The whole point of this horrible essay, as he says, is to enshrine the sheer arrogance it takes to declare everyone who doesn't accept the truthiness of it, as an ENEMY OF WIKIPEDIA. Naturally, he doesn't see the irony at all. Not even a little bit. Because he's a deranged little fuck, for whom "fact" has become indivisible from the (right) "opinion".

Let me give you a practical example. Say an editor puts in their user page that they believe the southern border wall is a good idea. They don't say why, they merely state it is their opinion. But they do make edits to related articles. Under this essay, that editor needs to be blocked, and can be blocked by JzG, without any examination of their edits at all. The mere fact that they are editing, is a problem, according to this essay, or at least BullRangifer's interpretation of it, which is most assuredly how JzG intends it to be interpreted in the fullness of time.
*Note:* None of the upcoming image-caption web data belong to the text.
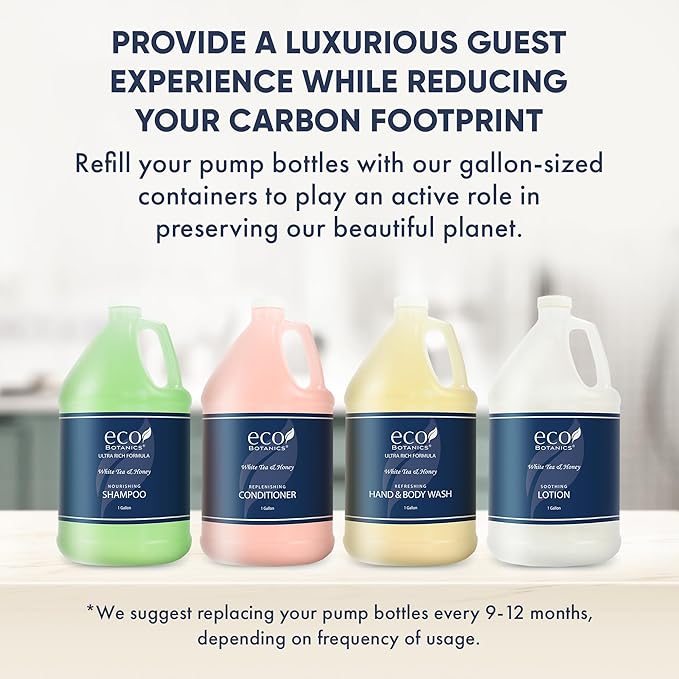 1-Shoppe Eco Botanics 20 Piece Ecobox All-In-Kit | White Tea and Honey Soap | 6 Shampoo, 4 Conditioner, 6 Body Wash & 4 Lotion | 10.14oz Hotel Soaps and Toiletries Bulk | Personal Care Products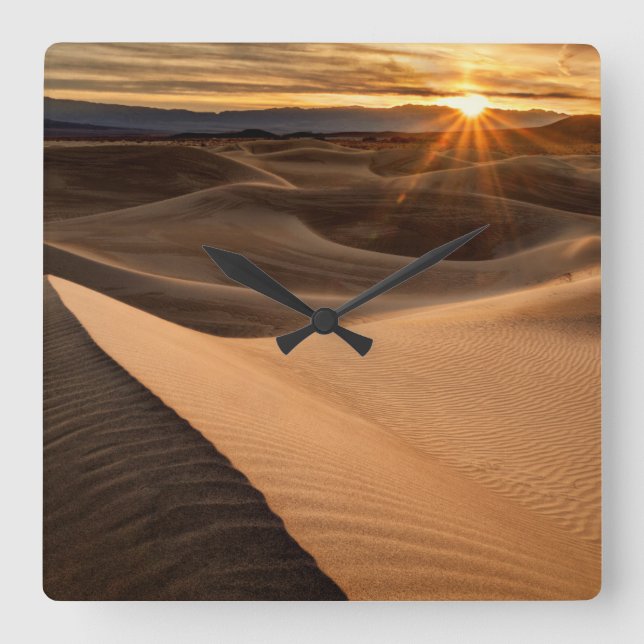 Relógio Quadrado Dunas de Areia Dourada, Vale da Morte, CA (Frente)
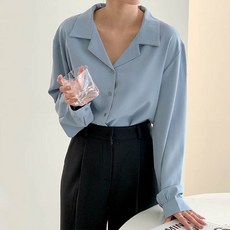 앤드스타일 여성용 D3 로랑 카라 루즈 셔츠 블라우스 261354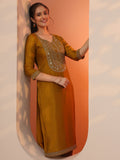 Libas Mustard Embroidered Silk Blend Straight Kurta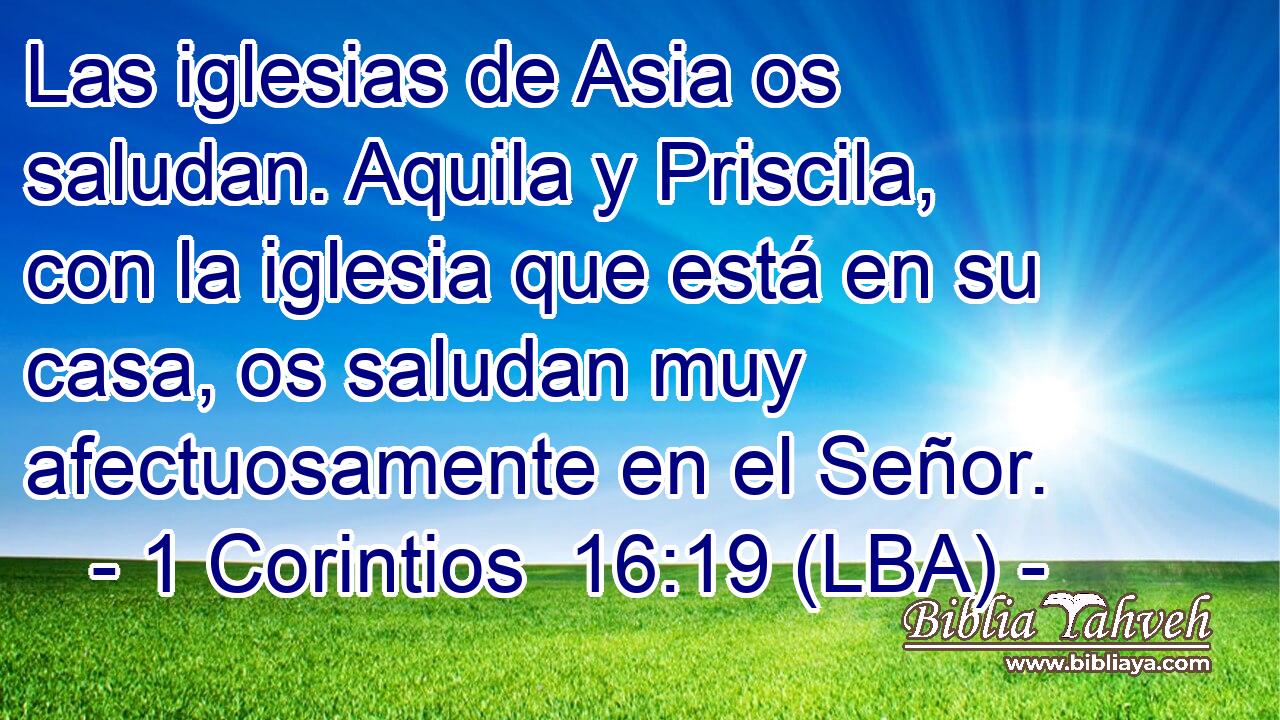 Las iglesias de Asia os saludan. Aquila y Priscila, con la iglesia que está en su casa, os saludan muy afectuosamente en el Señor.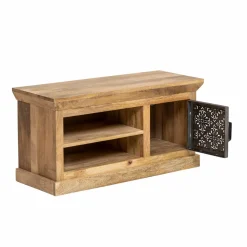 Made in Meubles Meuble TV en bois de manguier et métal Sahara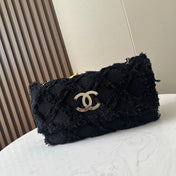 CHANEL 26S FLAP BAG 38 IN BLACK TWEED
If this fucked up shit isn't a matter for ArbCom, if the community does not want them to step in and apply corrective action in the form of stern reminders of what policy says and why, then frankly ArbCom has no role at all. And if you know anything about JzG and the Untouchables like him who have always been at the core of Wikipedia, you know he has always been of the opinion that ArbCom should not exist, or at least it should not exist to curtail his powers. As he has repeatedly said, where is the questionable Administrative conduct in what he has done?

Wikipedia is biased as fuck. At the core, institutional level.

Anyone who disagrees with this essay who is still editing Wikipedia in the belief it is a neutral reference work, is a fool. Because they are coming for you. You will be given the special mark, you will be herded into the special transport, your influence on their world will be erased. Systematically, all above board according to the new policies this essay laid the groundwork for, policies that the Founders of Wikipedia could never have even imagined (seriously, do you see Jimmy Wales supporting this garbage? he knows how fucked up it is, how potentially inflammatory it is). Again, they do not see the irony. Much like hard-core Trump supporters do not see the irony in much of what they say or do.

Don't say I didn't warn you, you stupid fucks.

Oh, and hey, good folks of Wikipediocracy, how about you do your job and EXPOSE some of this shit? If you really want people to believe you're not just a Wikipedia clone, happy to host only Wikipedian views of what is logical and defensible. It won't matter how hard you suck his dick, JzG is never going to bestow legitimacy on your shitty website. The mere act of posting on there will be added to the list of what makes a person incompetent to edit, soon enough. And I so want to see the look on the face of Tim "I stood up to the evil Jimmy Wales, aren't I brave?" Davenport when it happens.

Useless fucking pseudo-critics. Into the sea with you.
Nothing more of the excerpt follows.